Given the function: $f(x, y) = x^2 + y^2 – 6x – 4y +11$
Determine the global extrema for f in the set $M = \{(x, y) \in \mathbb{R} | x^2 + y^2 -4x \le 5\}$
So I know that continuous functions on a compact set have both a maximum and a minimum there. But I'm a bit stuck here. Am I supposed to solve this by using the hessian matrix? And how would I go about showing that the local extrema are also global extrema, is it because of the compactness?
$\nabla{f(x,y)} = (\partial_x f,\partial_y f) = (2x – 6, 2y -4)$
$\nabla{f(x,y) = (0,0)}$
$2x -6 = 0 \\2y – 4 = 0$
Stationary point a = [3, 2]
Best Answer
To find the global extrema of continuous $f$ on a compact subset $M$ of $\mathbb{R}^2$, you do two things:
1. Interior. Find all critical points of $f$ in the interior of $M$.
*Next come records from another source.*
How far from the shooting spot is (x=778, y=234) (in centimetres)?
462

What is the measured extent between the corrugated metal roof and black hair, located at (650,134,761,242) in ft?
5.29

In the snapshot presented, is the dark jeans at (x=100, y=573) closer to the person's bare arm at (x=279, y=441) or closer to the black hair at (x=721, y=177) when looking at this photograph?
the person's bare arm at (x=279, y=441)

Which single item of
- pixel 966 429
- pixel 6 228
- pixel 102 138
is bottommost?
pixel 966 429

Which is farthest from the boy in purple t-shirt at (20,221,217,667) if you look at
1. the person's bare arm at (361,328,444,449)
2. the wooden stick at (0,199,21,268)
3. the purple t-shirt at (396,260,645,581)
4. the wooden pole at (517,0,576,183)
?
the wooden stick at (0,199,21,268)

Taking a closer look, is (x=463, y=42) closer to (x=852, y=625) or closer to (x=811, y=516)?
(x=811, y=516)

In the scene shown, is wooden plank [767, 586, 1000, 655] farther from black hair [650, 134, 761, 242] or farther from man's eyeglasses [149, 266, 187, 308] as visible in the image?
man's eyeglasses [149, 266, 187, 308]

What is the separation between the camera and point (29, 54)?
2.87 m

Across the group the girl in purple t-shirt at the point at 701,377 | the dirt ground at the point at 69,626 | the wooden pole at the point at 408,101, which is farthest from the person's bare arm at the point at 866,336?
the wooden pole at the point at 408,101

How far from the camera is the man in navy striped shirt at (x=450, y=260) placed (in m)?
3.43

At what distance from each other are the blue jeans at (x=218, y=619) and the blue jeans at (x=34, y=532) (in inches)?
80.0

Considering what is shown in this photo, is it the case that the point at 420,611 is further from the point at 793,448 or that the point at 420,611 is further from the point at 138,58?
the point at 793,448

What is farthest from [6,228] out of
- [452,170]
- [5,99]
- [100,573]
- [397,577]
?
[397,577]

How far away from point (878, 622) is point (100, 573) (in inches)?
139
2. Boundary. Find potential global extrema of $f$ on the boundary of $M$. If this boundary is given by a constraint (e.g., $x^2+y^2-4x=5$, as yours is), then you may use Lagrange multipliers.
Evaluate $f$ at all the points found in the two steps above. The largest (respectively, smallest) of these values is the global maximum (resp., global minimum) value of $f$ on $M$.
You have completed part 1.
(Note: Since you're asking about global extrema on a compact subset $M$ of $\mathbb{R}^2$, there is absolutely no reason to do anything for local extrema. If you wanted to know what happens at the critical point $(3,2)$, then fine---test it using the second-derivative test. But you are asking about global extrema; the second-derivative test is useless for this task.)